With appraisal season coming around again our minds start to wonder to the dreaded subject of ‘giving feedback’. Most of us find this the hardest part of an appraisal and it’s not surprising; studies have shown people go into fight or flight mode just by hearing the sentence: ‘I’d like to give you some feedback’! There’s an additional challenge in the ad industry too that we are usually good friends with our colleagues which can make giving feedback even more cringe-worthy.
However, feedback is critical to all of our development. Absolutely everyone has areas they can improve on and it’s often very difficult to see these yourself, so fostering a culture of open two way feedback is critical for everyone. If you can get into the regular habit of doing it, it becomes much easier and the people you are feeding back to will be less shocked next time you have a development point for them, and might even thank you for it.
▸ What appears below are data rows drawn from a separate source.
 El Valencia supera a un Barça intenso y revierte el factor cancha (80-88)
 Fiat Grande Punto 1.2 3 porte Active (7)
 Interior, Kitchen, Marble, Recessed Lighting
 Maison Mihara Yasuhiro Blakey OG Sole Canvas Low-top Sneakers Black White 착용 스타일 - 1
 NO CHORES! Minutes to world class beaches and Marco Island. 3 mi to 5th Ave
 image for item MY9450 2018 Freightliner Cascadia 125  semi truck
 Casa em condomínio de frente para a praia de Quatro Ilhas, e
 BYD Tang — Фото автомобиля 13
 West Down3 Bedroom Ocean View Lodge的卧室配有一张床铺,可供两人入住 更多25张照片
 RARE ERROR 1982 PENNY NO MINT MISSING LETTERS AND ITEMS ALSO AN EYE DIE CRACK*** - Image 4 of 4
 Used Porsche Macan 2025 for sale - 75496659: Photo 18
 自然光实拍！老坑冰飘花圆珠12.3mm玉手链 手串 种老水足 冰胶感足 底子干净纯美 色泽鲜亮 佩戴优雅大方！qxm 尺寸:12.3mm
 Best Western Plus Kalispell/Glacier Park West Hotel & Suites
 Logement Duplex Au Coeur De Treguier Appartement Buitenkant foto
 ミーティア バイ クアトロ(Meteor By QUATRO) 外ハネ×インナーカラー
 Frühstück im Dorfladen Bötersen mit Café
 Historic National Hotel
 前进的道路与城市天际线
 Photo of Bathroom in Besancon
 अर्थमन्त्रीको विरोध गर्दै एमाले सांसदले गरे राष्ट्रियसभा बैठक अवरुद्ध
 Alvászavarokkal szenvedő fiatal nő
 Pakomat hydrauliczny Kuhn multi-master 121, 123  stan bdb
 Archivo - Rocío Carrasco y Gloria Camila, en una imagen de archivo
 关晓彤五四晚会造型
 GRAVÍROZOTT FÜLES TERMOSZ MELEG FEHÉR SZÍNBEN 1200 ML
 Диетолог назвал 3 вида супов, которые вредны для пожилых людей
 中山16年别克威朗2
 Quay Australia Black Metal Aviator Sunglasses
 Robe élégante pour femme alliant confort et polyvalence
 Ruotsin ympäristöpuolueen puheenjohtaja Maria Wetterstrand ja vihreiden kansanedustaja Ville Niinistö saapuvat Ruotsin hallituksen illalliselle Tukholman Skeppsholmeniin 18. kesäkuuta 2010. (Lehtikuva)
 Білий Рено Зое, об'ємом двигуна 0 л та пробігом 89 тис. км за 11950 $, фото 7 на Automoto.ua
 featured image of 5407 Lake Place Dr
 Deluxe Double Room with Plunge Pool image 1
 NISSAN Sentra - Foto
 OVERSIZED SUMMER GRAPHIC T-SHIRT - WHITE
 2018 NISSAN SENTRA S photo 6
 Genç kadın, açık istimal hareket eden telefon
So here are my top tips for giving constructive feedback:
As part of his/ her personal development, xxx has asked for your feedback on how you currently perceive him/her in 3 ways:
What does xxx do well?
What could xxx do better?
What other comments do you have about xxx‘s work and behaviours?
This feedback will NOT be anonymous but I would ask that you be as open and honest as possible. I will then share your feedback with xxx at our meeting.
If you’d like to contribute to xxx‘s professional development, please do the following:
reply to this email with your comments under each of the 3 headings (write as much or as little as you like)
be as open, honest and as specific as you possibly can be, with a view to xxx being able to take action on your comments for his/ her improvement
Please do not share your views or this email with anyone else, as it is a personal request of you
Please reply to me as soon as you can and by xx/xx if possible.
Thank you for taking the time and for supporting xxx’s onward journey of development.
Don’t make feedback anonymous. This will help foster an open feedback culture and make it much more useful for the person receiving it.
Make the feedback objective – not personal
For really difficult pieces of feedback plan out what you are going to say in advance. There are lots of great models to help you do this. I like ‘AID’ which stands for Action, Impact and Development. Work through each letter; what specifically happened? What was the impact? What can be done going forward? Here is an example of the AID technique in practice:
You are an Account Director and the Account Executive in your team is pushing hard for a promotion and feeling frustrated at the time it is taking to get to Account Manager. The reason they haven’t been promoted yet is they are coasting along and not pushing themselves out of their comfort zone or raising their profile within the agency, and you decide to use the AID model to give them this feedback:
Action: you explain that last week an opportunity arose for AEs and AMs to attend a ‘pitch masters’ session where those less exposed to pitching had the opportunity to get involved in a live brief and present back to the board. You saw this as a brilliant opportunity to develop their skills and get involved in an agency wide initiative and were surprised that they didn’t take up this opportunity
Impact: you explain that because of this others may misunderstand their ambitions to progress within the agency. You explain it was also a missed opportunity to develop a key skill that AMs require
Development: you agree together that they will put themselves forward to be involved in both the next pitch master session and also a new opportunity to become a NABs ambassador which will give them a board liaison role. You explain that you need to see them taking this kind of initiative over the next 6 months, and if successful they will be well on their way to AM level.
Giving and receiving feedback is key in keeping us all on track and giving us the opportunity to be our best selves at work. When it is done right and everyone commits to giving it, great things can happen. Giving feedback is a skill that needs to be constantly used and developed, so as we approach the latter part of the year, sieze the opportunity and integrate giving feedback into your daily practice.
Find what style works for you and go for it!